--- GIVEN DATA ---

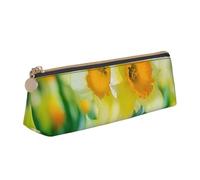 KemEng Fleur de Jonquille imprimée, Trousse à Crayons Triangulaire en Cuir avec Fermeture éclair, Trousse à Crayons Portable, Trousse à cosmétiques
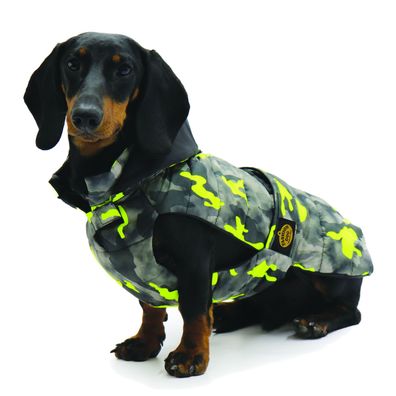 Fashion Dog Hunde-Steppmantel speziell für Dackel - Camouflage - Größe:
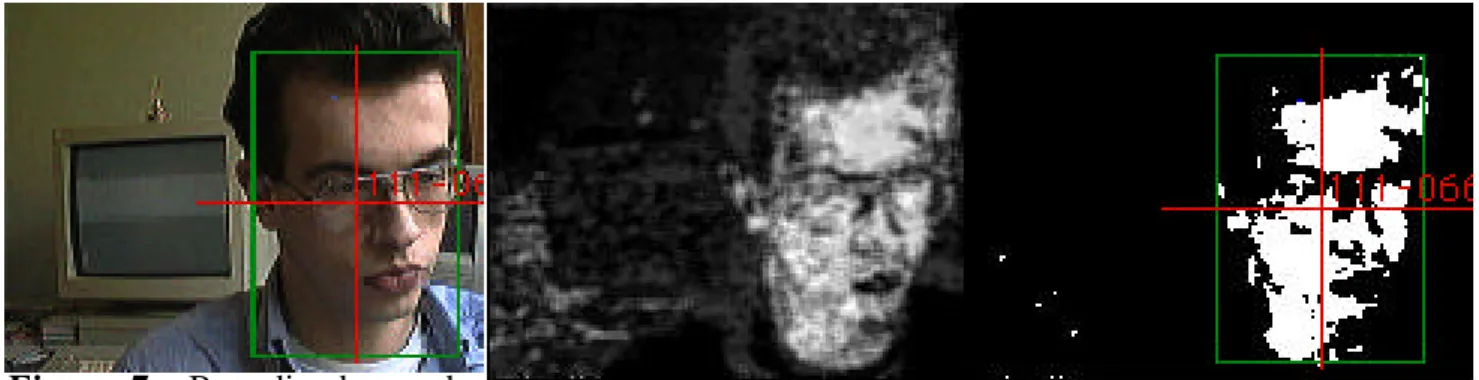 Figure 7a. Bounding box and center of gravity superimposed on an image of a person in front
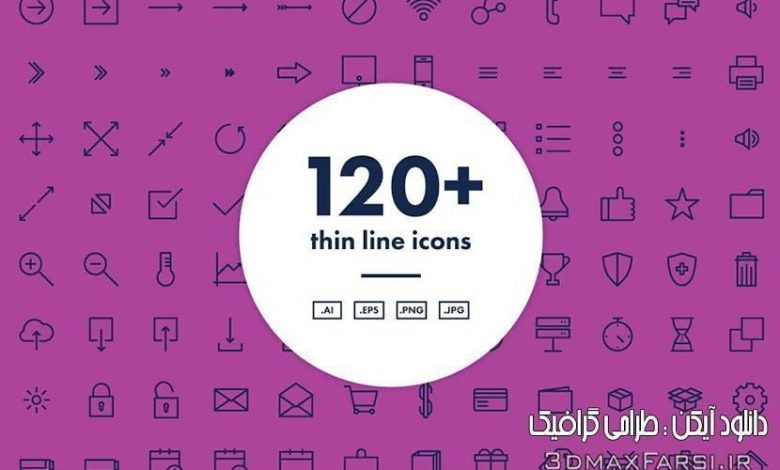 creativemarket 120 Thin Line Icons free download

---

• YOUR INSTRUCTIONS
An exact printout of the listing is needed, minus any pictures it contains.

• RESPONSE
 KemEng Fleur de Jonquille imprimée, Trousse à Crayons Triangulaire en Cuir avec Fermeture éclair, Trousse à Crayons Portable, Trousse à cosmétiques
 Fashion Dog Hunde-Steppmantel speziell für Dackel - Camouflage - Größe:
 Figure 7a. Bounding box and center of gravity superimposed on an image of a person in front
 creativemarket 120 Thin Line Icons free download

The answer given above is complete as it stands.